Directions for this task:
May I have the line containing "Modern luxury hillside" and every line after it through the end of the data, repeated exactly and with no other lines?

Dataset items
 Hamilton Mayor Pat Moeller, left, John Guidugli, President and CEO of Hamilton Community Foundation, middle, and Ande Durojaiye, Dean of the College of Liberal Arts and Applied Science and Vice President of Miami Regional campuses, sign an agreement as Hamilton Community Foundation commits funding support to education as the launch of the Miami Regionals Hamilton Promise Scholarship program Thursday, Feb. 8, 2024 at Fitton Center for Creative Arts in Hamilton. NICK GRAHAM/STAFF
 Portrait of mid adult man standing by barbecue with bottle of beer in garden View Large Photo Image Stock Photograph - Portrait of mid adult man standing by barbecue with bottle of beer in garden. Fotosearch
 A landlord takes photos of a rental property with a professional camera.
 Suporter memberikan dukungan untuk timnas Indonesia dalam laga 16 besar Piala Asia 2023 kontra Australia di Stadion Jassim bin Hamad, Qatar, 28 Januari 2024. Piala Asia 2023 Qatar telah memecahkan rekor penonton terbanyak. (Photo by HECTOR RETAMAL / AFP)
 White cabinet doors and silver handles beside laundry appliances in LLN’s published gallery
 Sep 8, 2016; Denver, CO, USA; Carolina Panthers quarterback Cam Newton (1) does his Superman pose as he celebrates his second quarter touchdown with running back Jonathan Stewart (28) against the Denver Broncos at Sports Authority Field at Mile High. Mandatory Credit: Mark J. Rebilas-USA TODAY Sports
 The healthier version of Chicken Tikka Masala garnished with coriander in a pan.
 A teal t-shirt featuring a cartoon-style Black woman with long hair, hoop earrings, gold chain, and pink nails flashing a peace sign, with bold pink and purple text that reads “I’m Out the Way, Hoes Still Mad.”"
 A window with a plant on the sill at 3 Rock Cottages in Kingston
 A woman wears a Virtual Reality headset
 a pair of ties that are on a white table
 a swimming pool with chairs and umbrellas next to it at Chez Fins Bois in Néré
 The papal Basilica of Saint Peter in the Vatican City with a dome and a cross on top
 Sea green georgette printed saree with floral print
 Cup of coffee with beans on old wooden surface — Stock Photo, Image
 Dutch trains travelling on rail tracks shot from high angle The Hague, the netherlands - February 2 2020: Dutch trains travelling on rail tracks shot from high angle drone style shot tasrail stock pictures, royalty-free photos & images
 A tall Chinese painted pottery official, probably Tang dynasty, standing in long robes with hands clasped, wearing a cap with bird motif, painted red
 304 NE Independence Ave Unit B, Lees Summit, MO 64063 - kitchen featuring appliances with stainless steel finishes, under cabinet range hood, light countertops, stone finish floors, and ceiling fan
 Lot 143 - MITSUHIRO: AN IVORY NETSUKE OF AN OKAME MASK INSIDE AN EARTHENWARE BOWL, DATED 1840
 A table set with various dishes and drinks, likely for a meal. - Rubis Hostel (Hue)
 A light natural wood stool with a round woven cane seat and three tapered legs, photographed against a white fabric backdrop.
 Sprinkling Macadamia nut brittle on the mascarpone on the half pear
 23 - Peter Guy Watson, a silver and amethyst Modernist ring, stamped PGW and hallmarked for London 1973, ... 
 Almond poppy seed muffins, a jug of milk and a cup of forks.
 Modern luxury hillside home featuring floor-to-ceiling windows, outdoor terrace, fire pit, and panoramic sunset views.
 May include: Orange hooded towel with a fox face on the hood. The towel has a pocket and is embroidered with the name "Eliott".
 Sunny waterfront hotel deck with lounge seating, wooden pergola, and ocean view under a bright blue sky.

Answer to this task:
 Modern luxury hillside home featuring floor-to-ceiling windows, outdoor terrace, fire pit, and panoramic sunset views.
 May include: Orange hooded towel with a fox face on the hood. The towel has a pocket and is embroidered with the name "Eliott".
 Sunny waterfront hotel deck with lounge seating, wooden pergola, and ocean view under a bright blue sky.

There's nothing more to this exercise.